What you are asked to do
Take the line containing "2018 Matchbox Ice" and every line after it in the data below, and print them exactly as given, with nothing else.

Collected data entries

········

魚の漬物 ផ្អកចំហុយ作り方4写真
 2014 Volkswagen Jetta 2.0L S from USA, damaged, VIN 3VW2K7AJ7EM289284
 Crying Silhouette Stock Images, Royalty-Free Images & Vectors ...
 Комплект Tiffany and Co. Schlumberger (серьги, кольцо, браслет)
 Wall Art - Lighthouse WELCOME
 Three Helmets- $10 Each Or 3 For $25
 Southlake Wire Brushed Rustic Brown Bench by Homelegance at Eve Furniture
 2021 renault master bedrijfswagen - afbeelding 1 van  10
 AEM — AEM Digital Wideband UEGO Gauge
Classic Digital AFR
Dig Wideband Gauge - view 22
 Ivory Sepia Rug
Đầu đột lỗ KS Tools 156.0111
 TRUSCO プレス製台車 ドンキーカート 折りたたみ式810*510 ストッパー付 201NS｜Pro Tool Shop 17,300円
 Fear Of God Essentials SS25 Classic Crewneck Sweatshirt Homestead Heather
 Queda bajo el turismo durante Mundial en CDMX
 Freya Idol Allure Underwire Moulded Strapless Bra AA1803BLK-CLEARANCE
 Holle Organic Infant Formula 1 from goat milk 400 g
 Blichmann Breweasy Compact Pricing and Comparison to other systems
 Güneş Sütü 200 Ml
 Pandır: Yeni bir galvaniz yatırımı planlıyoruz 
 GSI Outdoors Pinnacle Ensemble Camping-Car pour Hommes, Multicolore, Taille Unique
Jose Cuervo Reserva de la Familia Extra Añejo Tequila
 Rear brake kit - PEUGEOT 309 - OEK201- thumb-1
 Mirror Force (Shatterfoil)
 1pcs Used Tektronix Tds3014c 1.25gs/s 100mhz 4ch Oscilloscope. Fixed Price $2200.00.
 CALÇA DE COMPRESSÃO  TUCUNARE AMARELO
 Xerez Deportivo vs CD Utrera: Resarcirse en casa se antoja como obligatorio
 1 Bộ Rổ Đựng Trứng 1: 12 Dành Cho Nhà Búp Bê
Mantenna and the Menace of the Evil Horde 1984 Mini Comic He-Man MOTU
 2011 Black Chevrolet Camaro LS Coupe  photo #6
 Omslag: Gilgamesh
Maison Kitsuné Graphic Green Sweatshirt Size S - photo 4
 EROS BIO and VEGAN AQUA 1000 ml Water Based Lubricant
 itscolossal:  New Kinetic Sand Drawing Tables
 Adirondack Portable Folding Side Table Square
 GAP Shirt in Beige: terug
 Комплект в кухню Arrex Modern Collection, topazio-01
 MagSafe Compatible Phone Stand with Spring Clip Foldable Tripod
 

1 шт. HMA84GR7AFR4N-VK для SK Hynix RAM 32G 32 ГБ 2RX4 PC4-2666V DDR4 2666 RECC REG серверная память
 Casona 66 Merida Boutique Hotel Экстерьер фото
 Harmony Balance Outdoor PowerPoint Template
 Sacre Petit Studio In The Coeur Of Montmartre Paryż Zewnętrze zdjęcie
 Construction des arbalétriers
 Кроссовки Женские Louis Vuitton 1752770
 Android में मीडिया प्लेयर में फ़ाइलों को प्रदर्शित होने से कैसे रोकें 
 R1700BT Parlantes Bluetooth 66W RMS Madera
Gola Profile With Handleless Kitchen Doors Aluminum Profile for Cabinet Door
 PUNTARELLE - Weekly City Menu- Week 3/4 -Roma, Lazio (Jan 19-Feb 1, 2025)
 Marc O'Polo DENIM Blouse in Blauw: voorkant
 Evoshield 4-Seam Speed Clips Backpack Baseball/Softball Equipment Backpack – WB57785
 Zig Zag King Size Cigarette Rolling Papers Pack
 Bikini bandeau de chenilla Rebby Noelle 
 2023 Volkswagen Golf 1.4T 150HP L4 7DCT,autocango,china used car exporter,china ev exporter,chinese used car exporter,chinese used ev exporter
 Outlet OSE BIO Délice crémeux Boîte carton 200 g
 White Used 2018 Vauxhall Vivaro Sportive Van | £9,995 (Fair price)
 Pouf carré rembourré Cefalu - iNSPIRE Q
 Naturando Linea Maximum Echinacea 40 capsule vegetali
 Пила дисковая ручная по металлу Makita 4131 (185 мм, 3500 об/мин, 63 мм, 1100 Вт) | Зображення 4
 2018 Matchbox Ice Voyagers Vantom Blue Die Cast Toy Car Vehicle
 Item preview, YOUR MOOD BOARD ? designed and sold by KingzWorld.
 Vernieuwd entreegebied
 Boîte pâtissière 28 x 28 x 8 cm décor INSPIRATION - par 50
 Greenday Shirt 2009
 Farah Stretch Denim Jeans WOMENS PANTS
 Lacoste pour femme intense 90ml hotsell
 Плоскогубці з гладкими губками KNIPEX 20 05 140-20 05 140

········

Response box
 2018 Matchbox Ice Voyagers Vantom Blue Die Cast Toy Car Vehicle
 Item preview, YOUR MOOD BOARD ? designed and sold by KingzWorld.
 Vernieuwd entreegebied
 Boîte pâtissière 28 x 28 x 8 cm décor INSPIRATION - par 50
 Greenday Shirt 2009
 Farah Stretch Denim Jeans WOMENS PANTS
 Lacoste pour femme intense 90ml hotsell
 Плоскогубці з гладкими губками KNIPEX 20 05 140-20 05 140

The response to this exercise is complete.